病棟診療
介護保険発足後は一病棟を介護保険型療養病棟にしていたが第五章で述べたように慢性期病院の療養病棟入院基本料1の施設基準病棟で、医療区分による包括医療点数で運用している。
県内外の急性期病院からの紹介率40%以上で、指定難病の神経・筋疾患、脳血管障害や外傷、窒息などの蘇生後脳症(遷延性意識障害)、頸椎損傷による呼吸不全、医療用麻薬が必要な末期がんなどがほとんどを占める病棟に変わっていった。今後も施設連携による地域完結型医療の推進が強く求められていく。
第二節 地域連携室の活躍
地域完結型医療のために施設間の調整窓口として必要性が増している。主な仕事は、外来・入退院調整、医療情報の授受と発信などであるが、長期入院が想定される場合にご家族が入院前に病院の見学に来られることがあり看護師長に同伴しての病棟説明、サービス担当者会議出席など、多職種と共同で窓口業務を担当している。
外来、病棟の運用に大いに貢献している部署である。
第三節 顧客の権利を守る
顧客要求の主なものは、権利の保護、納得の説明、安全性が担保された医療・介護の提供である。

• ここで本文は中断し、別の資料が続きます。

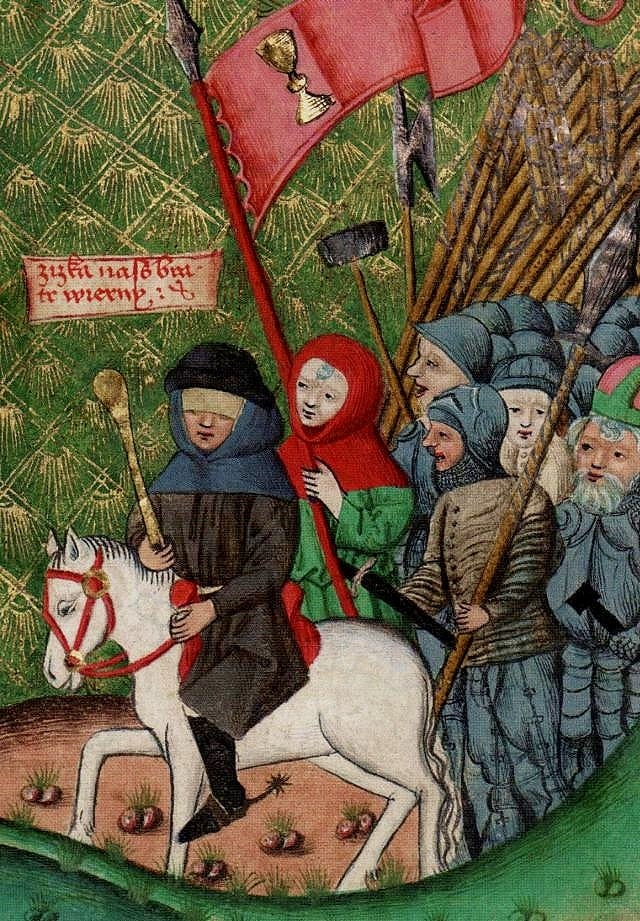 Between 1420 and 1431 the Hussite heretics defeated five anti-Hussite Crusades ordered by the Pope.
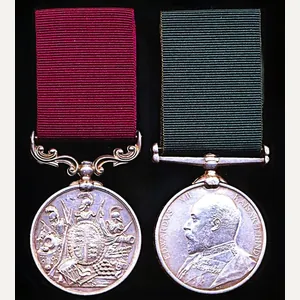 An unusual brace of Long Service medals for service in …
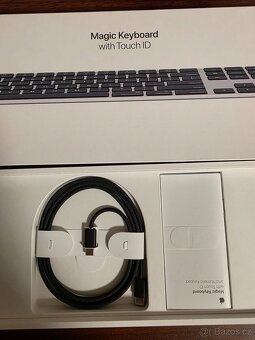 Apple Magic Keyboard s Touch ID CZ - černá (USB-C) - 5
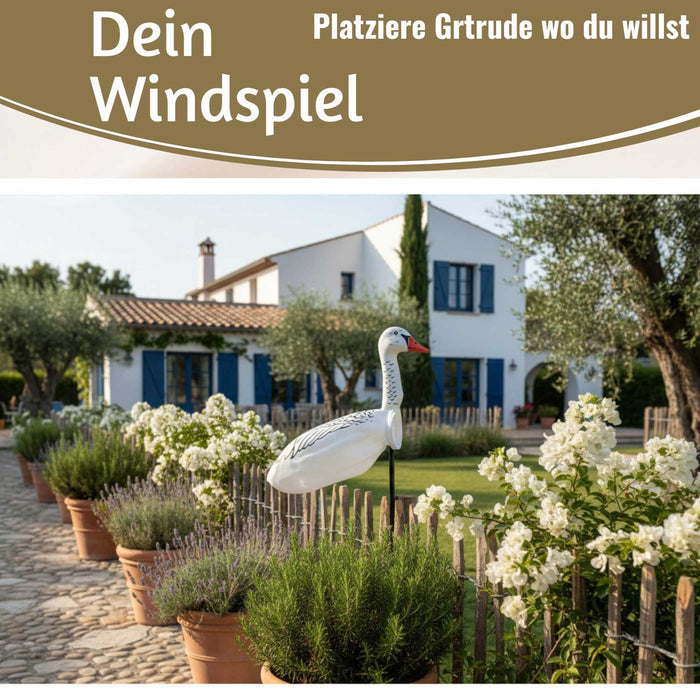 KI-generiertes Bild,Windspiel Windgans Gertrude 70cm Windsack Gartendeko für draußen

「利用者様の権利」として左記の五項目を掲示している。
①高質の医療を等しく受ける。
②納得のいく説明と情報の提供を受ける。
③治療法の選択と拒絶。
④自己の医療内容を知る。
⑤医療・個人情報と秘密が保持される。
カルテは利用者ご本人のものであるが、開示はカルテ開示委員会に諮り要請に応じることにしている。
これまでの要請は、ご遺族からの遺産相続に関連した一件と、地方裁判所から他施設で治療中の方の当院の検査データ請求のみである。
セカンドオピニオン取得と、アドバンス・ケア・プランニング(ACP)の説明を掲示して「私のリビングウィル」を置いている。相談はほとんどないが冊子は少しずつ減っている。